The United Kingdom’s National Health Service (NHS) is about to grant access to Stelara (ustekinumab) as a new treatment for Crohn’s disease, after a positive National Institute for Health and Care Excellence (NICE) recommendation is finalized.
Stelara, developed and sold by Belgian pharmaceutical giant Janssen, will soon become available as a routine treatment option for adult Crohn’s patients who cannot tolerate or have little or no response to existing therapies.
NICE has already recommended Stelara to treat psoriasis and psoriatic arthritis, due to its mechanism of action. The drug binds to specific cell proteins, known as IL-21 and IL-23, which stop production of cytokines responsible for inflammatory response in the body.
“We are delighted to be able to recommend ustekinumab for routine NHS use. Crohn’s disease can have a debilitating impact on a person’s quality of life, from self-esteem to experiencing regular relapses,” Carole Longson, director of NICE’s Health Technology Evaluation Centre, said in a press release. “Ustekinumab provides a convenient and viable option for patients with Crohn’s. It is a new way of treating the disease compared to conventional treatment, and can be used where other options have already been tried and stopped working.”
A final draft of the recommendation is now under review and can be appealed until June 30. Once NICE recommends a treatment as a viable option in final guidance, the NHS must ensure that the treatment is available within three months of its publication date, unless otherwise specified.

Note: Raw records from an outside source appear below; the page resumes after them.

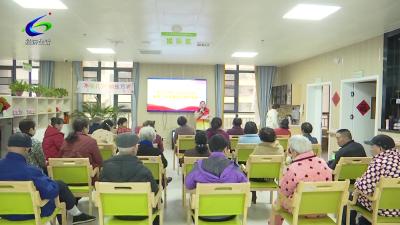 【反诈在行动】守护夕阳红 咸安开展老年人防诈宣传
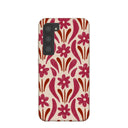 Seashell Flower Stack Samsung Galaxy S23 Case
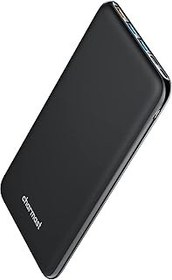 تصویر Charmast Power Power Power Bank 26800mah ، PD Power Bank ، 20W USB C شارژر قابل حمل شارژ سریع 3.0 باتری بسته با MacBook/New Type-C MacBook Air/iPad Pro ، iPhone ، Switch Charmast Power Delivery Power Bank 26800mAh, PD Power Bank, 20W USB C Portable Charger Quick Charge 3.0 Battery Pack Compatible with MacBook/New Type-C MacBook Air/IPad Pro, IPhone,Switch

Some 132,000 people in England and Wales have Crohn’s, according to NICE estimates, and just under 28,000 of them are eligible for this treatment.
Sarah Berry, health policy and public affairs officer at Crohn’s and Colitis UK, said her organization welcomes NICE’s recommentation and praised the agency for listening to and valuing the evidence submitted by patients.
“The impact of uncontrolled symptoms of Crohn’s disease can be profoundly debilitating and current treatment options simply do not work for everyone,” Berry said. “This ruling gives access to a desperately needed additional treatment to those who may otherwise have been condemned to living with unmanageable disease progression with devastating impact on their quality of life.”